En todos los países surgieron grandes templos dedicados al Corazón de Jesús. El Sacre Coeur de París, en el barrio de Montmartre, dominando toda la urbe, puede servir de ejemplo. Las esculturas del corazón de Jesús (multiplicadas por las copias realizadas en escayola) inundaron cada templo que reservó un altar para esta devoción. Se levantaron columnas y monumentos coronados con esta misma imagen en muchas plazas. En las puertas de las casas se clavaba una placa y la plegaria “En vos confío”. La imagen del corazón de Jesús fue entronizada en muchos hogares. Y la jaculatoria “Sagrado Corazón de Jesús, en vos confío” fue una súplica constante en millones de bocas. Y las estampitas de papel estaban en todas las casas, en los libros, en los bolsillos, en las carteras, en las mesillas de noche, en las paredes y en los escaparates de las tiendas. El almanaque del Corazón de Jesús es aún hoy en día un clásico en las papelerías de España. La Iglesia estableció el mes de junio como mes del Corazón de Jesús y fijó su festividad el primer viernes que sigue al segundo domingo después de Pentecostés.
Estas
estampitas han llegado hasta nuestros días prácticamente invariables. Y son más
que un trozo de papel barato. Seguirán ahí, cuando nosotros hayamos
desaparecido, porque siempre habrá hombres y mujeres con el corazón roto por la
vida, con el corazón en un puño por la inquietud, encogido por el miedo y la
tristeza que ‘mirarán al que traspasaron’

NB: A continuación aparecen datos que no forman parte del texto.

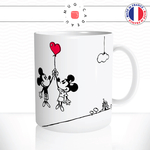 mug-tasse-ref33-dessin-anime-minie-mickey-coeur-chateau-cafe-the-mugs-tasses-personnalise-anse-droite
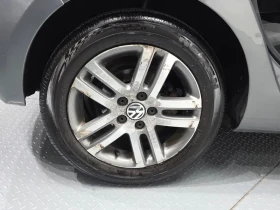 VW Golf | Mobile.bg � ����� ������ 5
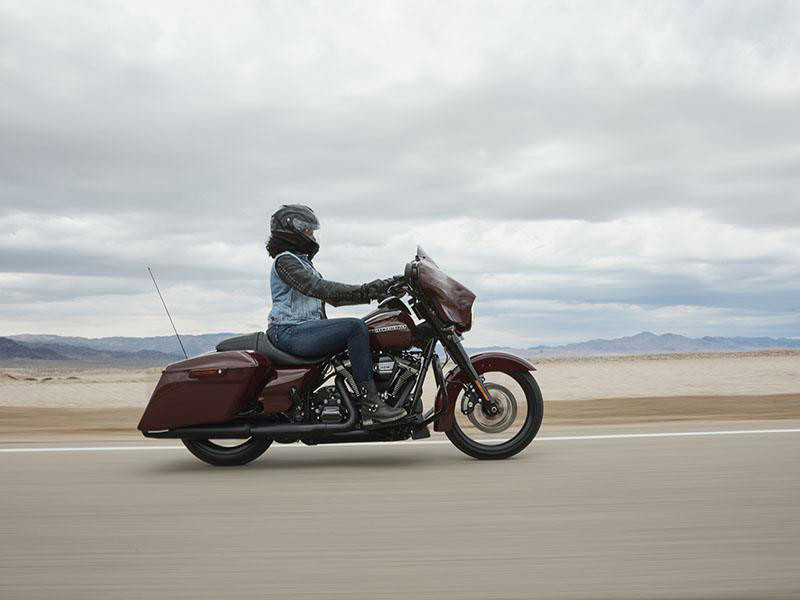 Road Glide® Special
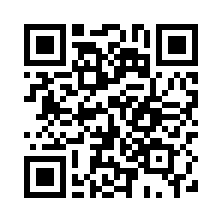QR Code for 3JPPRYFdGhEJpxorbau395buqBEzC8SfFf
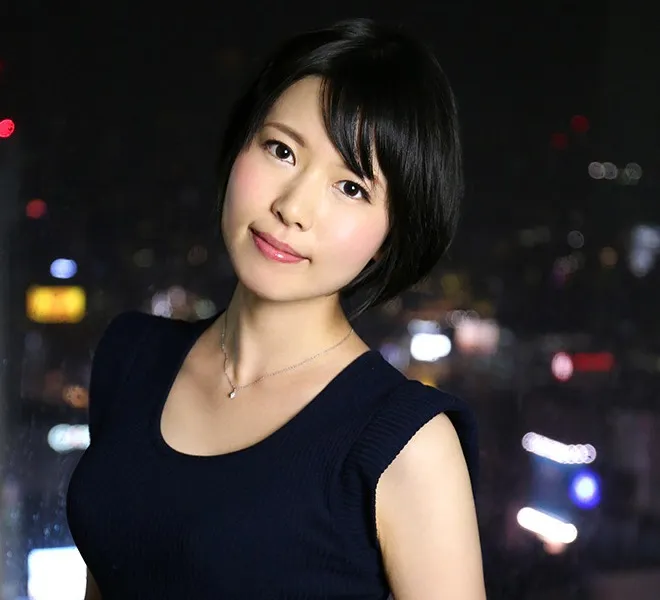 樱井菜菜子（樱井菜々子）精选作品推荐内容预览-八福集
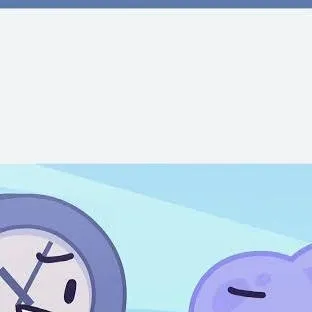 chat with ai character: clock x winner
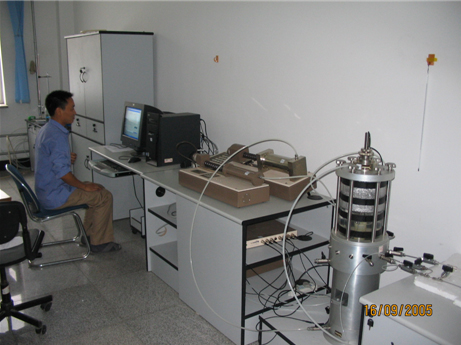 亚洲必赢·bwin(中国唯一)官方网站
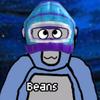 Beans-avatar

con la poca o mucha fe que les quede, y que buscarán la paz y la serenidad en
un Dios compasivo. Una paz y una compasión que no les dio el mundo, ni su
prójimo. Y hartos de las palabras mentirosas y de los actos traicioneros de
otros hombres que les arruinaron la vida, seguirán pasando sus dedos amorosos
sobre la estampita del Corazón de Jesús.